Result: ~600ms end-to-end from silence to first bot audio.

Best quality (premium)

  • STT: ElevenLabs Scribe v2 Realtime
  • LLM: OpenAI GPT-4o
  • TTS: ElevenLabs v3 with audio tags

Result: ~1.2s end-to-end. Voice sounds more natural.

Best cost

  • STT: Deepgram Nova-2
  • LLM: Groq Llama 3.1 70B
  • TTS: OpenAI TTS

Result: ~700ms end-to-end at minimum cost (≈$0.05/min conversed).

Assign to AI agents

Once providers are configured, assign each one to an AI agent:

  1. AI Agents → your agent → Configuration.
  2. Select STT, LLM and TTS providers.
  3. Define system prompt, available functions and transfer nodes.

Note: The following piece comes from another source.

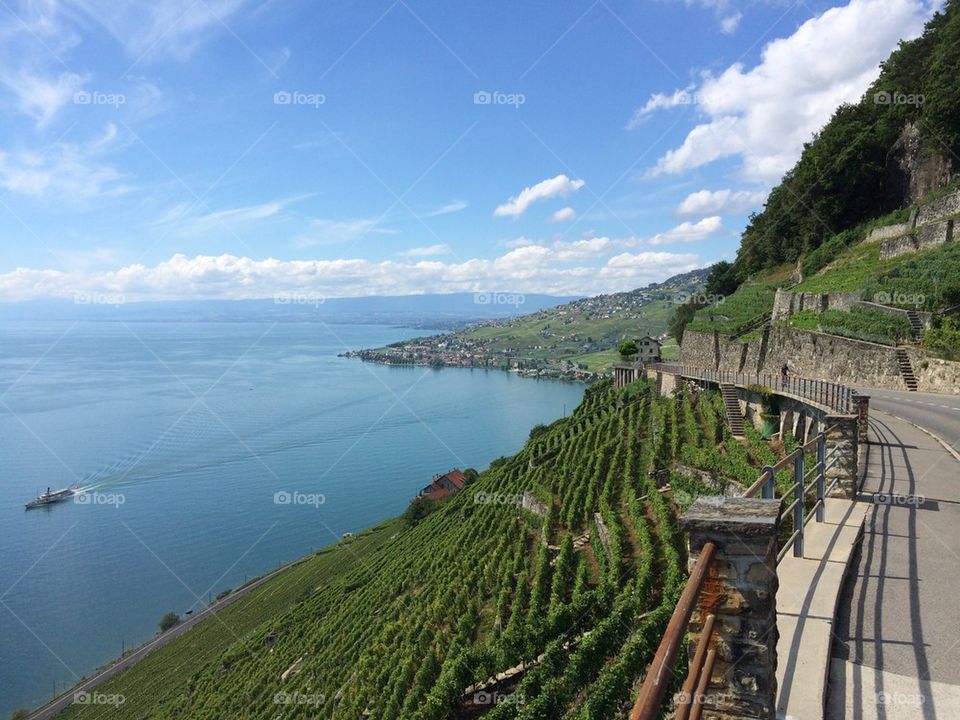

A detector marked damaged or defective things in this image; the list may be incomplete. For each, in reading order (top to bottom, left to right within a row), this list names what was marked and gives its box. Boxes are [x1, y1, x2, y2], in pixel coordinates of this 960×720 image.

rusted metal pipe [628, 540, 716, 720]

A single AI agent can have different configurations per environment (sandbox vs prod) for A/B testing.

Security

  • API keys encrypted with AES-256-GCM per tenant in DB.
  • Don’t leave SIVO’s backend — providers never see your customer identity.
  • Rotation: change the key in the panel and SIVO uses the new one on the next call (no restart).
  • If you revoke the key without replacing, calls with AI fail with provider_unavailable — the IVR flow can define an errorNodeId fallback.

Estimated costs

For 1 hour of continuous AI conversation with the low-latency combo:

StageApprox. cost
STT (Deepgram Nova-2)~$0.78
LLM (Groq Llama 3.1 70B)~$0.72
TTS (ElevenLabs v2)~$10.80
Total~$12.30/h conversed

Premium (GPT-4o + ElevenLabs v3) goes to ~$30-40/h. Minimum cost with OpenAI TTS drops to ~$5-7/h.

→ This is your cost with your provider. SIVO doesn’t bill on top.